Monday, April 28, 2014

CCFJ BANNER
OPEN LETTER TO GOVERNOR SCOTT


Governor Rick Scott;

This legislative session has clearly shown what you - as Florida's 
Governor - areall about: A promoter for special interests with little 
concern for Florida's citizens and consumers. When it comes to 
homeowner association reform, your agenda has been anti-
consumer and especially anti-homeowner. 

As a registered Republican who has voted for the Republican ticket 
all my life, I am plainly disgusted with your vision of Florida.
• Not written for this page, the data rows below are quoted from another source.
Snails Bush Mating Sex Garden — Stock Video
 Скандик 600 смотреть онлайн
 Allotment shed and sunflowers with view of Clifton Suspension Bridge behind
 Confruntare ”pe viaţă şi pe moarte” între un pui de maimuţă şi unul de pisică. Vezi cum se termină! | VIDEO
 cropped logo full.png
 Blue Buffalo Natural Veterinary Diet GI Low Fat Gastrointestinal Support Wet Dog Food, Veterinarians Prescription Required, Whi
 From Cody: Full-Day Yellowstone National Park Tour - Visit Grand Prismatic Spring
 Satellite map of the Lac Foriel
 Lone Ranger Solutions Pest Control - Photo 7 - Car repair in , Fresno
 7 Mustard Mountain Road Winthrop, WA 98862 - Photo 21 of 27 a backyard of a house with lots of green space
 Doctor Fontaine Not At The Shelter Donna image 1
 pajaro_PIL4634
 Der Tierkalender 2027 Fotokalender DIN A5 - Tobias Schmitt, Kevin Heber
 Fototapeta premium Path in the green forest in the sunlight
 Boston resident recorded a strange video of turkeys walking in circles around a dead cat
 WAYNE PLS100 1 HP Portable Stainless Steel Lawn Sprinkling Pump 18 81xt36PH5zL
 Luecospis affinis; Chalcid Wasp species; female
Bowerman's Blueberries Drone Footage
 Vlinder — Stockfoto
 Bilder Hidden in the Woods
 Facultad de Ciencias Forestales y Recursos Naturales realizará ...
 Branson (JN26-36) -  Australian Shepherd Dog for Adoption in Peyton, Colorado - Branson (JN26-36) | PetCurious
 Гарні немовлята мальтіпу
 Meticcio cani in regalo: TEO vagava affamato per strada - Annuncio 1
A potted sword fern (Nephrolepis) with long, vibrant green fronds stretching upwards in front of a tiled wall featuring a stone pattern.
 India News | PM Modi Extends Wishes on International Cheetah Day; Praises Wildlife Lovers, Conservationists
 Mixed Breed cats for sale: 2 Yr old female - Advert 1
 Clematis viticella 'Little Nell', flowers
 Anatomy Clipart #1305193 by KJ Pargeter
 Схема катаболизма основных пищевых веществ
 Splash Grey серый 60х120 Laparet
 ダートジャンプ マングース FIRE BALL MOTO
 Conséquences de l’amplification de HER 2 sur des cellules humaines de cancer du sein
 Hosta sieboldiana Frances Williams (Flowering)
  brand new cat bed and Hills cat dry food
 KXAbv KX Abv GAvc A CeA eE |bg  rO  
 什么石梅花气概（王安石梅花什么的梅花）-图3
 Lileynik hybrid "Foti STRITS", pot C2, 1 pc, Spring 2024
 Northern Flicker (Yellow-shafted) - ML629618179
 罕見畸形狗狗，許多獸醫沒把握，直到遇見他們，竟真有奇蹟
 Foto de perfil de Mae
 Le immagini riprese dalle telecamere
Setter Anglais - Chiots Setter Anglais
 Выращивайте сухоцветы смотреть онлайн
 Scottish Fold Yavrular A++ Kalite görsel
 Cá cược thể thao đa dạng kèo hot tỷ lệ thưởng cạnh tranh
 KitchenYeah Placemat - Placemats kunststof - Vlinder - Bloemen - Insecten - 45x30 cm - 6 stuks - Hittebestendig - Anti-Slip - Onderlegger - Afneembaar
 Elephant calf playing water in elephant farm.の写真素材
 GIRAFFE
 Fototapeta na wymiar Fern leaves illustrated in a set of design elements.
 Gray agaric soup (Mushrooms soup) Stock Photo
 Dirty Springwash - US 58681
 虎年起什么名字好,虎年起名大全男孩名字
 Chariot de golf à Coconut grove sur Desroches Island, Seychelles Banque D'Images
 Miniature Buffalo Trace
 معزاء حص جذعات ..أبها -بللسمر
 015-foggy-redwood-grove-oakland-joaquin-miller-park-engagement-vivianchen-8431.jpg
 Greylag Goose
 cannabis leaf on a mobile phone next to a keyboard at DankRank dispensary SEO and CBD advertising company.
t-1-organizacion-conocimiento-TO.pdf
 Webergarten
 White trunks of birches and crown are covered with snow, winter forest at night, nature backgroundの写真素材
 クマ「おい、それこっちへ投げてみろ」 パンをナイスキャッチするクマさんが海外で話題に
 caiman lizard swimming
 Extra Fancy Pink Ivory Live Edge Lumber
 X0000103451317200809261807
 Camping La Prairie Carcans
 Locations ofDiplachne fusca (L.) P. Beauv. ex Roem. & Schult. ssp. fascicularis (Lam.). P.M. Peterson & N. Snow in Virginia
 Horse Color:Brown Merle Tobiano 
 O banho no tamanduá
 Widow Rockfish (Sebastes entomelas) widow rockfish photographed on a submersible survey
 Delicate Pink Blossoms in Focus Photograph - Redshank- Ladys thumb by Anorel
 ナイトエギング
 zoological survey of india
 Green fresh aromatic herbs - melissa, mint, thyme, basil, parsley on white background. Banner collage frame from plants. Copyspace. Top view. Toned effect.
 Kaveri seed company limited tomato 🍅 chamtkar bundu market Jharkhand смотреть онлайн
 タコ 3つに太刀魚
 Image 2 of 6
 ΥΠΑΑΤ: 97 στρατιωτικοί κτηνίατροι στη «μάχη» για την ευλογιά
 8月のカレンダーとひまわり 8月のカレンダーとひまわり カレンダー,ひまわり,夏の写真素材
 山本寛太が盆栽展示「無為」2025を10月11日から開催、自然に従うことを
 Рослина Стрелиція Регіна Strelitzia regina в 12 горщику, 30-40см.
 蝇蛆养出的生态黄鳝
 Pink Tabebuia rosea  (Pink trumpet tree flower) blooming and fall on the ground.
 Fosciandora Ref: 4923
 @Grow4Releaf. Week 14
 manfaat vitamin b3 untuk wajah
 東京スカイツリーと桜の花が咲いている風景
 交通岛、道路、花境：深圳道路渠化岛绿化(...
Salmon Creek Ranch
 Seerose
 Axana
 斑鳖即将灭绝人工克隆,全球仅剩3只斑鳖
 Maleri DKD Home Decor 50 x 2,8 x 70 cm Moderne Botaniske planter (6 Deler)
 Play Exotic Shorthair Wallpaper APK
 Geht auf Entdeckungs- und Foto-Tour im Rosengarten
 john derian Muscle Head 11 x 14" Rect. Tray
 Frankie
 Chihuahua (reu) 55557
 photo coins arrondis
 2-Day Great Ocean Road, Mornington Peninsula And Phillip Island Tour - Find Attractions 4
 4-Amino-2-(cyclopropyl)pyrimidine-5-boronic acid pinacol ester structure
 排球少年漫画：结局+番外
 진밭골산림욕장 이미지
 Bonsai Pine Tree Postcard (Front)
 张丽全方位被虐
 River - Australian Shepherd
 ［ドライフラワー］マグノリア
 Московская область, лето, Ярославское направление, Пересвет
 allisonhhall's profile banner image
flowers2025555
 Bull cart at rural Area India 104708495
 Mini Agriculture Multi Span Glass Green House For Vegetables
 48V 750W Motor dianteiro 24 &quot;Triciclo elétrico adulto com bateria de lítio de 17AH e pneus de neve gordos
You, with 
the help of "Speaker" Weatherford -- speaker in the meaning of 
speaking for special interest, have killed the single most important 
consumer protection bill that was filed - or forbidden to be filed - during 
this legislative session... a House companion to Senator Hays' 
SB 1348.

Are you really convinced that you can buy the votes of us citizens by 
promising to decrease our annual car-registration fees by $25?

Word had it at the beginning of the legislative session that only 
non-controversial bills would pass and signed by you because of 
the upcoming election. In the past few weeks it became obvious 
that non-controversial was supposed to mean that the bill would be 
ok if not opposed by special interest. You obviously didn't care if 
the bill would be very controversial in the eyes of Florida's citizens.
  
Do you honestly believe that collecting campaign funds from special 
interests will buy you back the Governor's mansion? Do you honestly 
believe that all registered Republicans will vote for you despite you 
having trampled on their rights and needs with feet? 
 
Your desire to achieve a sound bite of "no new fees" or "no increase 
of government", will allow - minimum for another year - the inability for 
homeowners to file a simple complaint with your DBPR in the same 
way a condominium owner can when abusive association leaders act 
illegally.
  
Your actions will allow greedy investors to continue to kick families out 
of their homes who did everything their contracts asked for (H 1061 
didn't even get a committee hearing). And the list of consumer-friendly 
bills killed behind closed doors goes on!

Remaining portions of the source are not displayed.